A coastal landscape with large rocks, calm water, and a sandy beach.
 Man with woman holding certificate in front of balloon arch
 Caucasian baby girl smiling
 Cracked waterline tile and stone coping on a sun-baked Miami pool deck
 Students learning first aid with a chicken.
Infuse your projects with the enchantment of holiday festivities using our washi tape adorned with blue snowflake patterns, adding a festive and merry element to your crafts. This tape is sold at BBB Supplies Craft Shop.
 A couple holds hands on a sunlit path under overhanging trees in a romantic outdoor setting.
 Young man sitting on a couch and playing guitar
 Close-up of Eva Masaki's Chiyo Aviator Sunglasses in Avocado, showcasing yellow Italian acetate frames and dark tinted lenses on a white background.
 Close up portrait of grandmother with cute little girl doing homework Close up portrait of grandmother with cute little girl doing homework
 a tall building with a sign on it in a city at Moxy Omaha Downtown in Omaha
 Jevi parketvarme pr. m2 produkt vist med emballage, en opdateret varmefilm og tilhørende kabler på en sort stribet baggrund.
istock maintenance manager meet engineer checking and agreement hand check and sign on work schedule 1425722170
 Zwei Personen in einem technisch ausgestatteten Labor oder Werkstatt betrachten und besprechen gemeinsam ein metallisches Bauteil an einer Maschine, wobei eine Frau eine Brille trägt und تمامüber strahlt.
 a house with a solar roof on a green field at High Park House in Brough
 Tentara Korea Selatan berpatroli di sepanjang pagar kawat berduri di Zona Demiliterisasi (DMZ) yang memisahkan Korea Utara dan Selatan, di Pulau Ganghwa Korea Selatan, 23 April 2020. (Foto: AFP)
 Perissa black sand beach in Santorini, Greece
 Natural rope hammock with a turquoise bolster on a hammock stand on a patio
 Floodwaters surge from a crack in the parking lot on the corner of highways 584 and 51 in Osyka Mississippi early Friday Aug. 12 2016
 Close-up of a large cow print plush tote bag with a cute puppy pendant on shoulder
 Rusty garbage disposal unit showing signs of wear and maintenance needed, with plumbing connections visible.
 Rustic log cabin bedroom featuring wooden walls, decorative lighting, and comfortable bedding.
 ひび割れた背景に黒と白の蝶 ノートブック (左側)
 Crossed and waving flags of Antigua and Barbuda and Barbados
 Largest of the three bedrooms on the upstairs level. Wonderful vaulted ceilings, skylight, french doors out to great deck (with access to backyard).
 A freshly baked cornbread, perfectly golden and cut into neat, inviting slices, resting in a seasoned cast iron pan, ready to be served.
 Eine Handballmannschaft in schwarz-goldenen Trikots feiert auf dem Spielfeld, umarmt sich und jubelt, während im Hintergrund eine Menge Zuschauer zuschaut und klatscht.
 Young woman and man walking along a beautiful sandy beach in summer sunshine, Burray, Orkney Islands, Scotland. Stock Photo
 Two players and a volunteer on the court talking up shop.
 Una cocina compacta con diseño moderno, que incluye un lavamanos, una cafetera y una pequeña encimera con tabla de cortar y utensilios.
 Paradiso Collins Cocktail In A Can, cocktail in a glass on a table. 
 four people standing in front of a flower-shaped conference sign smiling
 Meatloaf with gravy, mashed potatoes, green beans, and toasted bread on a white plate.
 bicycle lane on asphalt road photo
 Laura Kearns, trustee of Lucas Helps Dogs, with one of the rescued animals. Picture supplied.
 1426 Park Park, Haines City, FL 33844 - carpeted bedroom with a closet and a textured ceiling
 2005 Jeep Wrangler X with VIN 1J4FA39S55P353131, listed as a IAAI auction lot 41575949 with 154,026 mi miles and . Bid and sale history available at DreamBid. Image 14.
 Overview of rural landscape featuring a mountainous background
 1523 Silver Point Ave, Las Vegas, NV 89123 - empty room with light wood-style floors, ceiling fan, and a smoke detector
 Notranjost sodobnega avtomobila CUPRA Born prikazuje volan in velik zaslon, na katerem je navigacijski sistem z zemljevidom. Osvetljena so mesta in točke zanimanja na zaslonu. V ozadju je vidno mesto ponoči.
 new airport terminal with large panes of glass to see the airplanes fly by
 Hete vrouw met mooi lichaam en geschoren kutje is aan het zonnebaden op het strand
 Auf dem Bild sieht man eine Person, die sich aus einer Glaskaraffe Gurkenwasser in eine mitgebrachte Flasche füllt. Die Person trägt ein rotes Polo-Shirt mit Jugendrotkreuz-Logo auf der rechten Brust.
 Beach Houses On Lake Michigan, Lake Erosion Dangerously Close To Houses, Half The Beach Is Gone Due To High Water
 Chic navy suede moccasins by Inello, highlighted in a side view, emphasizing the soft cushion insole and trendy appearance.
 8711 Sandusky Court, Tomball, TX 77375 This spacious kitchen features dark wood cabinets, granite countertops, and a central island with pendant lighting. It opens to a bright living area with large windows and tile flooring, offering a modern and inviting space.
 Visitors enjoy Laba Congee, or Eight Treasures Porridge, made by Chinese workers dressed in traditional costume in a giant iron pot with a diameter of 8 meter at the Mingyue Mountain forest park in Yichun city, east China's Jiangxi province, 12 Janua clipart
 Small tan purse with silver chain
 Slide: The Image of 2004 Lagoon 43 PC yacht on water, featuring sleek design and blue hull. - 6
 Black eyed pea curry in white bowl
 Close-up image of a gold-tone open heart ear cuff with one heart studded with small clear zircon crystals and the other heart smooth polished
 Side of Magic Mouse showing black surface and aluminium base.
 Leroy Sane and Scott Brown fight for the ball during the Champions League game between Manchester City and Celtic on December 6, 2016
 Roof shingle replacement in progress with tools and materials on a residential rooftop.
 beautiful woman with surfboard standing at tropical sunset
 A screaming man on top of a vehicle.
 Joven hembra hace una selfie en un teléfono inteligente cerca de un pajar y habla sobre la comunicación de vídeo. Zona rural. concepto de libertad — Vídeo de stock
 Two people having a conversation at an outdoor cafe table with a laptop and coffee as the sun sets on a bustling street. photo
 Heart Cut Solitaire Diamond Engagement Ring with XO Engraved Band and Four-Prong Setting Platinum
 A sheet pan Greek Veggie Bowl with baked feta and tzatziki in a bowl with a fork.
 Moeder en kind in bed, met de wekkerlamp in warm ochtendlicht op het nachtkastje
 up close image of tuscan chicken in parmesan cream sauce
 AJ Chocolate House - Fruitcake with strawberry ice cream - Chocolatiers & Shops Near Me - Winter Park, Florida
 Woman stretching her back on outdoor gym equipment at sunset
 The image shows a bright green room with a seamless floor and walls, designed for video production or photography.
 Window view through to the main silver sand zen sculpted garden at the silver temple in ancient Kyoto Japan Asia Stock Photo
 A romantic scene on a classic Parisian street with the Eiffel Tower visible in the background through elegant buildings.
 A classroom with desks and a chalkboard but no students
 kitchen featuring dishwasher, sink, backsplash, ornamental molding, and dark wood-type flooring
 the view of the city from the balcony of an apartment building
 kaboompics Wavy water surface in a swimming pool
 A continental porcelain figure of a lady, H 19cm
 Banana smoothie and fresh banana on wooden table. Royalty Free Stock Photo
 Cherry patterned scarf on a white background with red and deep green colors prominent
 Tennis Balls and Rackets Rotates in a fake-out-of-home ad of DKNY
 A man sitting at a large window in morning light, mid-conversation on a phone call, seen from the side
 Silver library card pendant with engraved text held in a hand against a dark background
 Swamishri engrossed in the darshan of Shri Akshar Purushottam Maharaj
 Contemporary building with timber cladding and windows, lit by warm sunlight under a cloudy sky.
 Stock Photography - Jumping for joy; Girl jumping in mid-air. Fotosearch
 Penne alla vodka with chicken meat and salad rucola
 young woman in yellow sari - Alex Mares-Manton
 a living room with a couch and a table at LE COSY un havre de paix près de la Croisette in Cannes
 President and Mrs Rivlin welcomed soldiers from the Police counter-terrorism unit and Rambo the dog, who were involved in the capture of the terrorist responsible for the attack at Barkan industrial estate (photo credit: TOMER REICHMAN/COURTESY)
◆ ◆ ◆ ◆ ◆ ◆ ◆
• [WORK REQUIRED]: Your reply should hold all the lines from the listing above in which "front" appears.

• [ANSWER TO THIS PROBLEM]:
 Man with woman holding certificate in front of balloon arch
 four people standing in front of a flower-shaped conference sign smiling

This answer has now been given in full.